Extensive studies of complex non-relaxing fatigue loads on AE2 samples have been performed to investigate the lifetime reinforcement as well as the crack propagation features (crack roughness, crack branching and propagation in or out of the critical plane) in (Warneboldt et al., 2019; Warneboldt et al., 2022). This test database includes tension-torsion loading, both for relaxing and non-relaxing conditions and for different temperatures between 23°C and 80°C. The principal findings are: Observations confirm connection between lifetime reinforcement and crack features; Temperature influences relaxing and non-relaxing tests (lifetime & crack features); Critical plane predictions fail for lifetime reinforcing multiaxial configurations; Analyses of crack features and lifetimes point to a local microstructure modification. To extend the study of crack propagation features, an Arcan-like test fixture has been designed and is used for multiaxial crack propagation tests on Pure Shear (PS) samples of natural rubber (NR).
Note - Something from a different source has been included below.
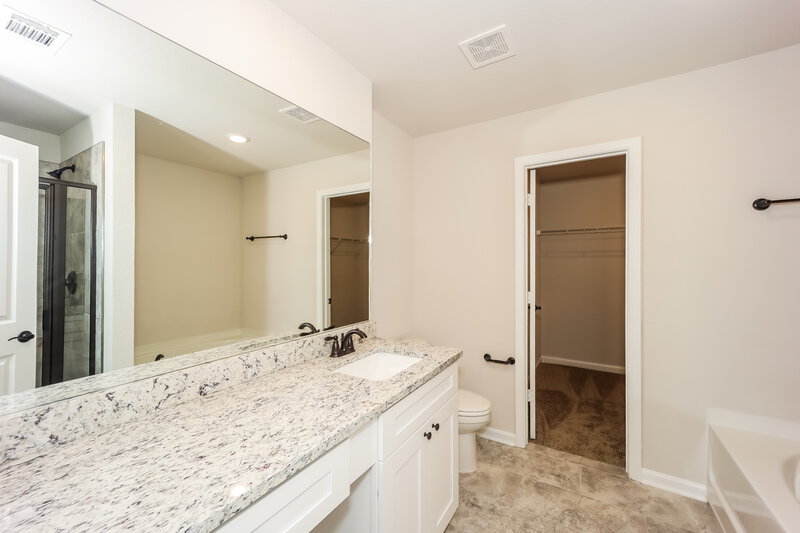 3,340/Mo, 486 Samara Court Fairburn, GA 30213 Main Bathroom View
This original device allows to apply tension as well as shear loadings to the mounted planar specimen. Additionally, one of these axes can be fixed to impose a pre-load, while the other one imposes cyclic fatigue crack propagation loads. This setting enforces similar crack propagation conditions as the tension-torsion loadings of the mentioned test database on the AE2 specimens.Our exploratory investigations confirm indeed that similar local conditions on the AE2 and the PS specimens lead to comparable crack propagation features. This finding opens a new research axis for these types of loadings. The planar PS sample has many advantages: Propagation behavior of pre-initiated cracks can be studied, Digital Image Correlation (DIC) analyses around an initiated crack are easier on the planar specimen surface; the study of the crystallinity via wide-angle X-ray diffraction analyses (WAXD) is possible (see for instance (Toki et al., 2000)); simpler FEA modelling is given. In the following we present exploratory study results for these tests which extend further our understanding of the fatigue damage mechanisms for complex, non-relaxing fatigue loads.